If a hereditary syndrome is identified, the affected patient is faced with communicating the results and recommendations for cascade testing to her relatives. Cascade testing is genetic counseling and testing of blood relatives of individuals who have been identified with specific genetic mutations. Testing protocols and interventions may save lives and improve the health and quality of life for these family members.36 However, an obstacle to communicating results is a patient's potential lack of desire to inform relatives, secondary to the emotional burden of cancer or a guilty sentiment about possibly passing a mutation to her children. Therefore, a nonjudgmental environment and practical resources to help patients understand the meaning of a positive test are essential.

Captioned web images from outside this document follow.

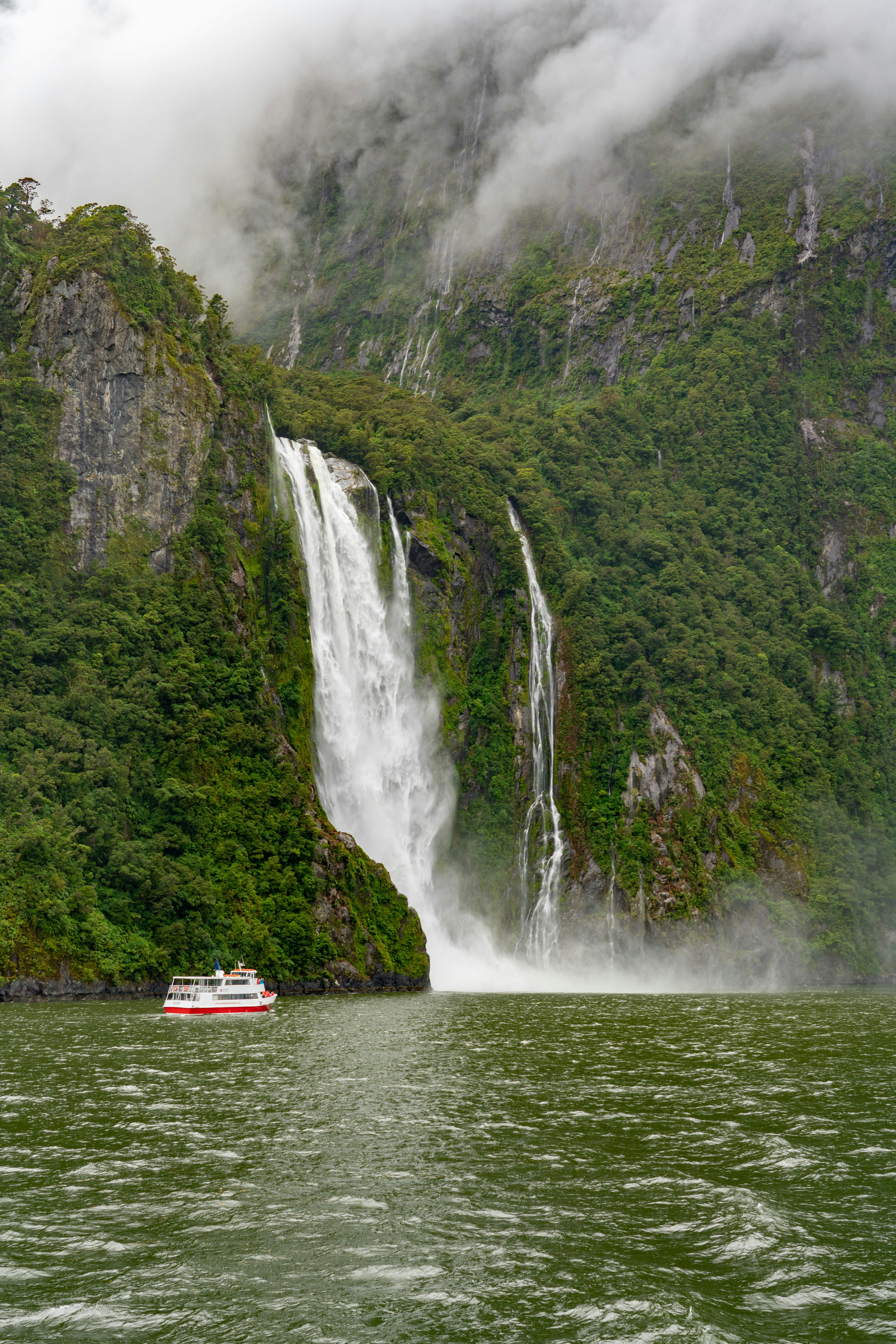 Queenstown (Milford Sound)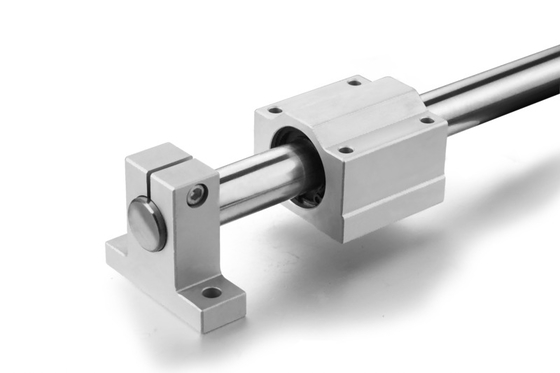 Precision Gcr15 20mm LINEAR Shaft For Manufacturing Plant / Machinery Repair Shops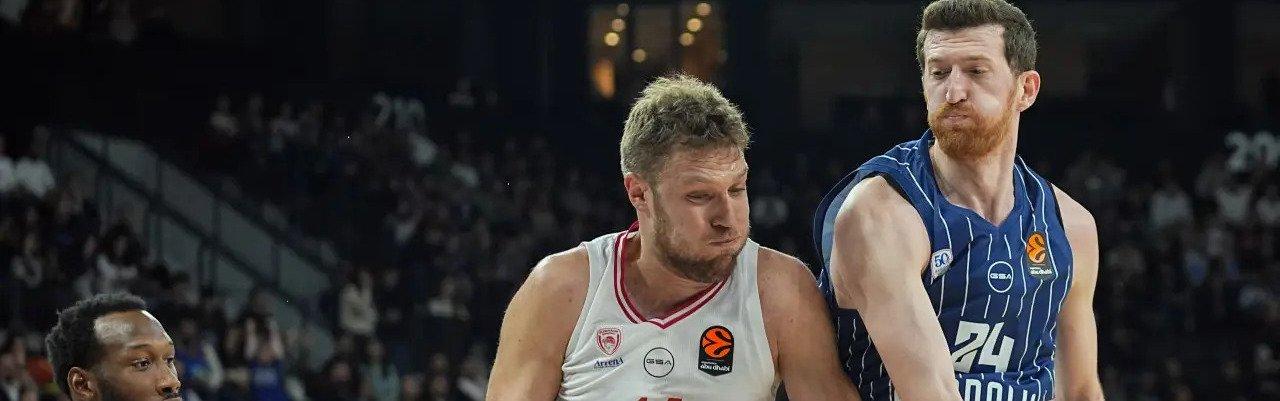 Olympiacos  - Efes Anadolu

Barriers to Genetic Testing
Most women and their families are empowered by informative results of genetic testing. However, availability of health insurance coverage and other types of health care discrimination for those identified as mutation carriers are concerns. While legal protection against genetic discrimination is not complete,37 the following provisions afford some level of protection:
The Health Insurance Portability and Accountability Act (1996) specifically states that genetic information in the absence of a current diagnosis of illness does not constitute a preexisting condition.38
Executive Order 13145—To Prohibit Discrimination in Federal Employment Based on Genetic Information (February 2000) prohibits federal executive branch agencies from discriminating against applicants and employees on the basis of genetic information.39
The Genetic Information Nondiscrimination Act (May 2008) prohibits group health plans from denying coverage to a healthy individual or charging higher premiums based solely on a genetic predisposition to developing a disease in the future.40
Despite strong support from the United States Preventive Services Task Force and the NCCN, genetic testing rates remain low. Genetic testing is universally recommended for women with ovarian cancer, but the testing rates in this population are estimated to be 20% to 30%.41,42 Multiple factors may contribute to low testing rates, including lack of physician awareness or time to fully assess family history, lack of patient acceptance, delays and/or denials by third-party payers, variable availability of genetic counseling professionals, lack of reimbursement for genetics professionals, racially and culturally disparate populations, and/or uninsured populations.43
Improvements in awareness of hereditary cancer, availability of genetics services, and communication of the importance of genetics evaluation can increase the rates of genetic testing. Strategies for increasing patient access to genetics services include telegenetics (telemedicine technology to provide clinical genetic services); group counseling sessions; integration or embedment of services within specialty oncology clinics; initial genetic testing performed by nongenetic clinicians; quality improvement initiatives; and other clinic support tools such as video education, computer-assisted family history collection, and patient navigation.44-46 Reducing financial barriers to genetic testing may improve access to services, especially among medically underserved, uninsured, or impoverished patients.
CONCLUSION
Many barriers to widespread genetic testing for patients and their families exist, but genetic testing of individuals who meet testing criteria is fundamental to oncologic care. Physicians, payers, and institutions must work collaboratively to maximize genetic testing with the goals of primary cancer prevention and treatment.
ACKNOWLEDGMENTS
The authors have no financial or proprietary interest in the subject matter of this article.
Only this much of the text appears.